→ **To do**:
With the pictures omitted, write out all of the listing exactly.

→ **Data shown**:
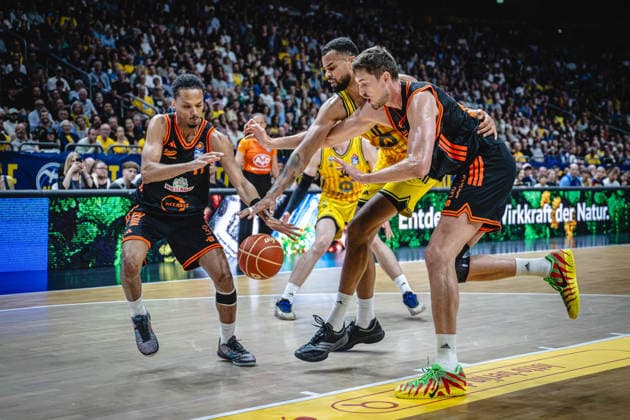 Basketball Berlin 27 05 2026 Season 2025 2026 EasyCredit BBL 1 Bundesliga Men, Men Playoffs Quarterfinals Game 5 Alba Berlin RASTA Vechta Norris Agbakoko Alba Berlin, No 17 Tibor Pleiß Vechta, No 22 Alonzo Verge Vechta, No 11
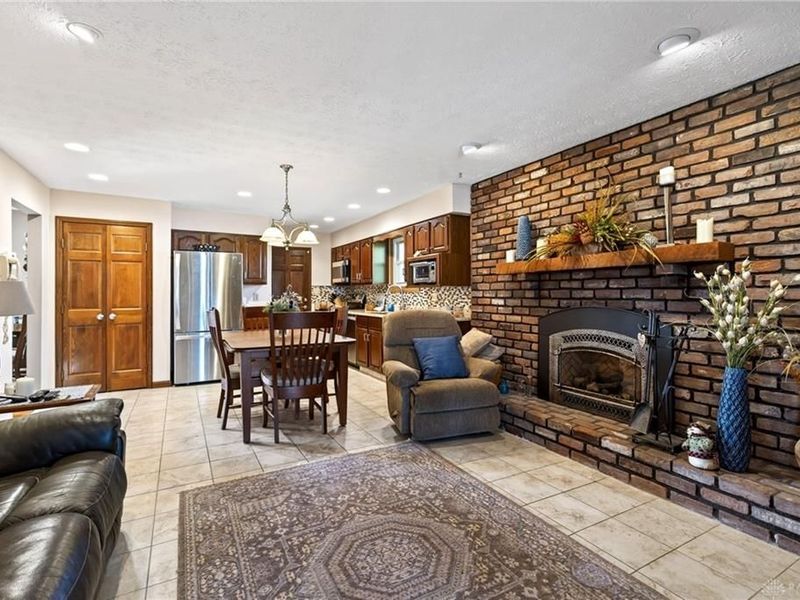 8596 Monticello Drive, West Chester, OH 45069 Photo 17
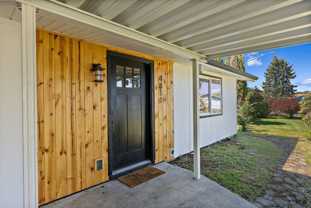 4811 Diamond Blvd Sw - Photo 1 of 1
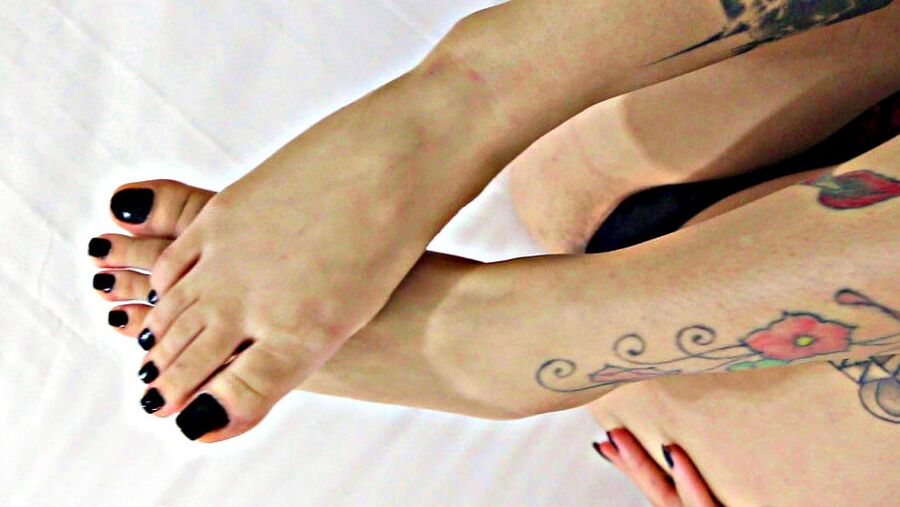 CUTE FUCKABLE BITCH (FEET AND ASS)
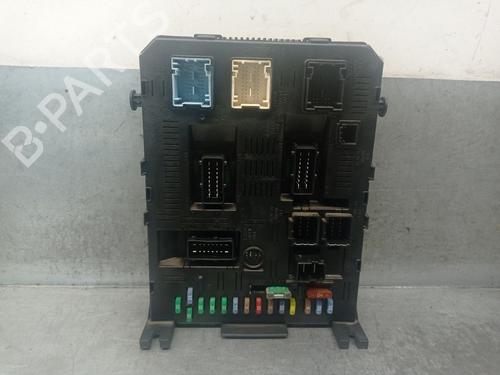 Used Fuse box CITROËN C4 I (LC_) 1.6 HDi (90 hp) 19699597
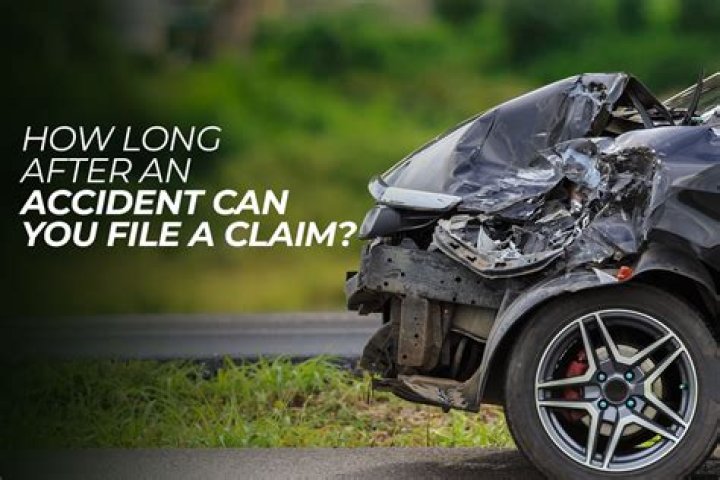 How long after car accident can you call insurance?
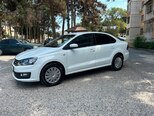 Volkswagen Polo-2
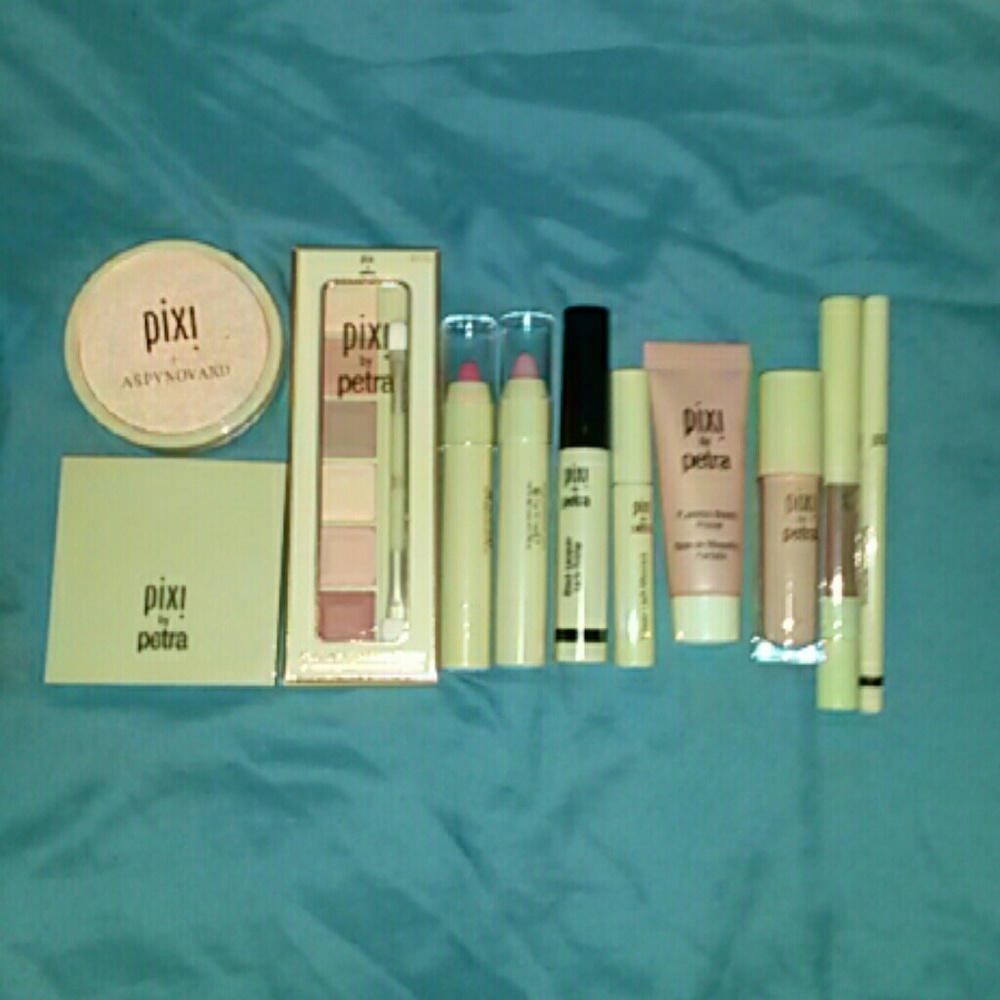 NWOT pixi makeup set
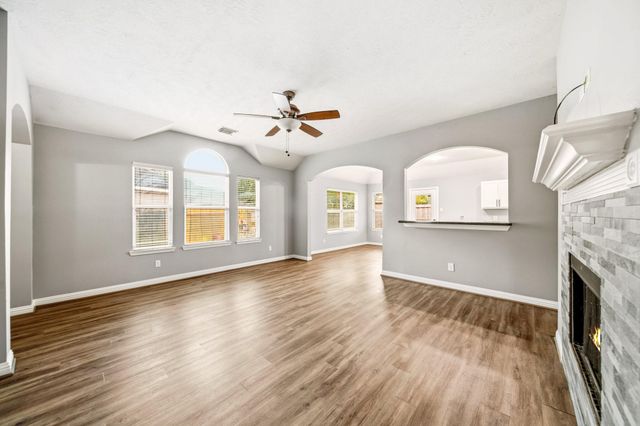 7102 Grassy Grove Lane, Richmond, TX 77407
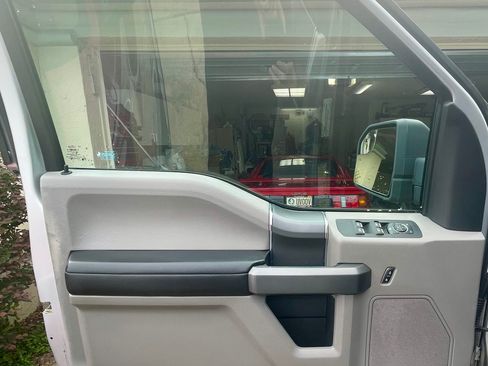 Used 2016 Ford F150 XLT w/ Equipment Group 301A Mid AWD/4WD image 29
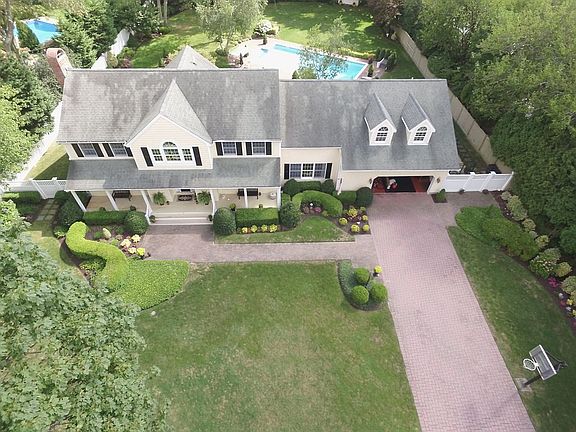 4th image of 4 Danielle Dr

→ **Response**:
 Basketball Berlin 27 05 2026 Season 2025 2026 EasyCredit BBL 1 Bundesliga Men, Men Playoffs Quarterfinals Game 5 Alba Berlin RASTA Vechta Norris Agbakoko Alba Berlin, No 17 Tibor Pleiß Vechta, No 22 Alonzo Verge Vechta, No 11
 8596 Monticello Drive, West Chester, OH 45069 Photo 17
 4811 Diamond Blvd Sw - Photo 1 of 1
 CUTE FUCKABLE BITCH (FEET AND ASS)
 Used Fuse box CITROËN C4 I (LC_) 1.6 HDi (90 hp) 19699597
 How long after car accident can you call insurance?
 Volkswagen Polo-2
 NWOT pixi makeup set
 7102 Grassy Grove Lane, Richmond, TX 77407
 Used 2016 Ford F150 XLT w/ Equipment Group 301A Mid AWD/4WD image 29
 4th image of 4 Danielle Dr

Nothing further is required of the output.